Dutch National Opera (DNO; formerly De Nederlandse Opera, now De Nationale Opera in Dutch) is a Dutch opera company based in Amsterdam, Netherlands. Its present home base is the Dutch National Opera & Ballet housed in the Stopera building, a modern building designed by Cees Dam and Wilhelm Holzbauer which opened in 1986.
DNO was established shortly after the end of World War II as a repertory company with a permanent ensemble. In the postwar period, it toured extensively in the Netherlands from its home base in the Stadsschouwburg, a fin de siècle theatre on the Leidseplein in Amsterdam.
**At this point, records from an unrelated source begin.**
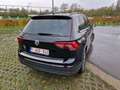 Volkswagen Tiguan 1.5 TSI ACT Comfortline OPF Zwart - thumbnail 15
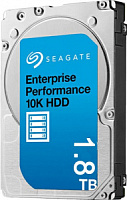 SAS HDD 1.8Tb Seagate Enterprise ST1800MM0129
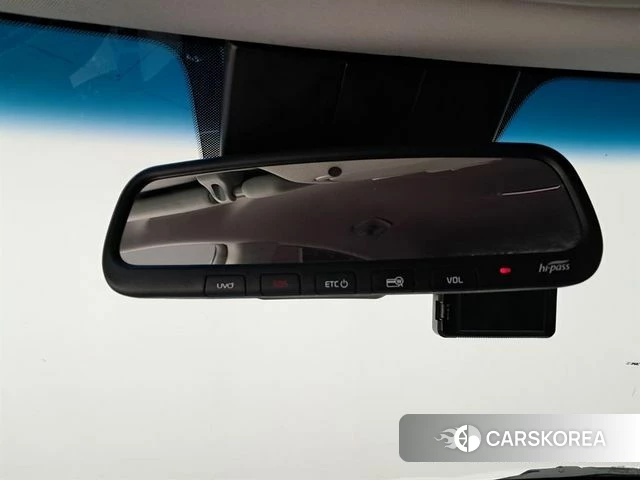 Kia Sportage The Bold 2020 Белый из Кореи, фото 6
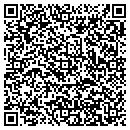 QR code with Oregon Medical Group contacts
In 1964, it was renamed De Nederlandse Operastichting. (The Dutch Opera Foundation), and the company adopted a stagione orientation, inviting different soloists and artistic teams for each new production. In 1986, the company moved to the new Stopera building, which it shares with the Dutch National Ballet, and thereafter became known as De Nederlandse Opera (DNO). In 2014, the company changed its name to De Nationale Opera (Dutch National Opera).
DNO has its own choir of sixty singers and a technical staff of 260. DNO historically has not had its own resident orchestra, and so various orchestras of the Netherlands, including the Netherlands Philharmonic Orchestra (NPO), the Netherlands Chamber Orchestra (NKO), the Royal Concertgebouw Orchestra, the Rotterdam Philharmonic Orchestra, the Radio Filharmonisch Orkest and the Asko/Schönberg ensemble have provided the orchestral forces for DNO productions.